Demonstranten besetzen Rathäuser

Ukrainische Opposition weitet Proteste auf Regionen aus

Die Welt schaut auf die Ausschreitungen und Massenproteste der Regierungsgegner in Kiew. Doch auch in der ukrainischen Provinz wächst der Zorn auf Präsident Janukowitsch.

Ukrainer demonstrieren gegen die Staatsführung (dpa)
Ukrainer demonstrieren gegen die Staatsführung / ( dpa )

Eine Woche nach dem Beginn der Ausschreitungen in Kiew will die ukrainische Opposition ihre gewaltsamen Proteste in den Regionen ausweiten. In mehreren Großstädten in der Zentralukraine versuchten Demonstranten, Verwaltungsgebäude zu stürmen. In dem an Polen angrenzenden Westen des Landes haben die Gegner von Präsident Viktor Janukowitsch bereits vielerorts die Rathäuser in ihre Gewalt gebracht. Die Opposition fordert seit Wochen den Rücktritt des an Russland orientierten Staatsoberhaupts.

In Kiew verkündeten radikale Kräfte innerhalb der pro-europäischen Opposition am Sonntagabend die Erstürmung des zentral gelegenen Justizministeriums. Eine offizielle Bestätigung lag dafür zunächst nicht vor. Auch in den Industriezentren Dnjepropetrowsk und Saproschje versuchten Oppositionsanhänger nach eigenen Angaben, öffentliche Gebäude unter ihre Kontrolle zu bringen. Im bevölkerungsreichen Osten - an der Grenze zu Russland - genießt Janukowitsch dagegen weiterhin Rückhalt.

Kompromissangebot abgelehnt

Die Proteste dehnten sich auch im nationalistisch geprägten Westen des Landes aus. In Ternopol und Iwano-Frankowsk besetzte die Opposition Rathäuser.
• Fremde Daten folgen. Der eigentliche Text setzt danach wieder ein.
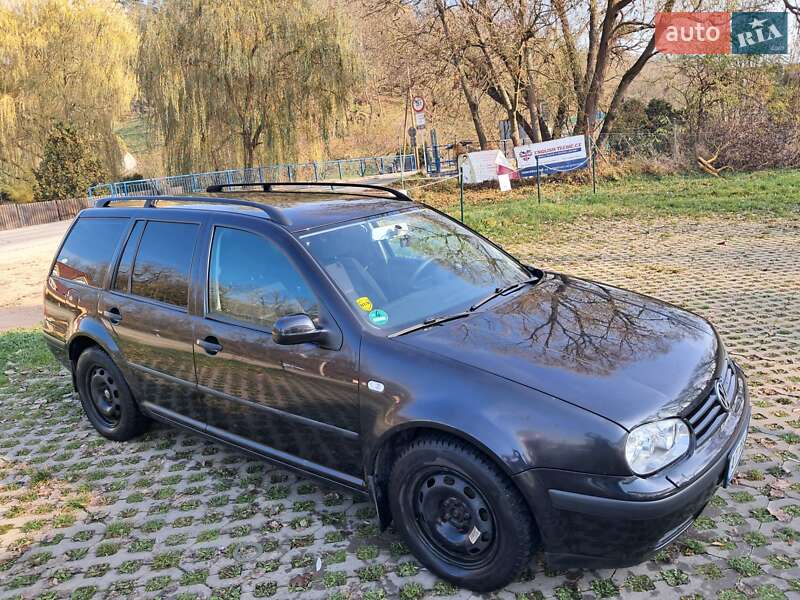 Універсал Volkswagen Golf 2000 в Коломиї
In Winniza trat ein Richter aus Protest gegen die "politisch motivierte Verurteilung" von Demonstranten zurück.

Die Oppositionsführung um den Boxchampion Vitali Klitschko hatte am Wochenende ein überraschendes Kompromissangebot der Staatsführung abgelehnt. In Kiew besetzten Demonstranten nach schweren Zusammenstößen mit der Polizei das Kongresszentrum am Europaplatz. "Die Luft für Präsident Viktor Janukowitsch wird immer dünner", sagte eine Sprecherin der Regierungsgegner am Sonntag.

Nach der Verschärfung des Versammlungsverbots per Gesetz war es Mitte Januar zu schweren Krawallen in Kiew gekommen. Dabei starben mindestens vier Menschen, Hunderte wurden verletzt. Am Sonntag ehrten Tausende Menschen in Kiew mit einem Trauermarsch einen 25-Jährigen, der am Mittwoch bei Zusammenstößen aus noch ungeklärter Ursache erschossen worden war.

"Rede mit deinem Volk"

Bundesaußenminister Frank-Walter Steinmeier (SPD) rief die an Russland orientierte Staatsführung der Ukraine auf, in dem erbitterten Machtkampf auf die Opposition zuzugehen. Eine Lösung des Konflikts sei nicht mit Gewalt zu erzwingen, sagte er in Berlin. Der Präsident des Europäischen Parlaments, Martin Schulz, schloss Sanktionen gegen die ukrainische Regierung nicht aus. "Janukowitsch, Stopp mit der Gewalt. Und rede mit deinem Volk, das ist der bessere Weg als der Unsinn, der da jetzt veranstaltet wird", sagte Schulz beim SPD-Sonderparteitag in Berlin.

Janukowitsch hatte seinen Kritikern in einem spektakulären Schritt Ministerposten angeboten. Der Oppositionspolitiker Arseni Jazenjuk solle neuer Regierungschef und Klitschko dessen Stellvertreter werden. Das hatte der prorussische Staatschef bei einem dreistündigen Krisentreffen gesagt. Klitschko lehnte das Angebot mit den Worten ab, Janukowitsch müsse mit einem Rücktritt den Weg für einen politischen Neubeginn freimachen. Jazenjuk sprach sich angesichts der desolaten Lage im zweitgrößten Flächenstaat Europas für weitere Verhandlungen aus. Für seine Partei stehe die Annäherung an die EU im Vordergrund.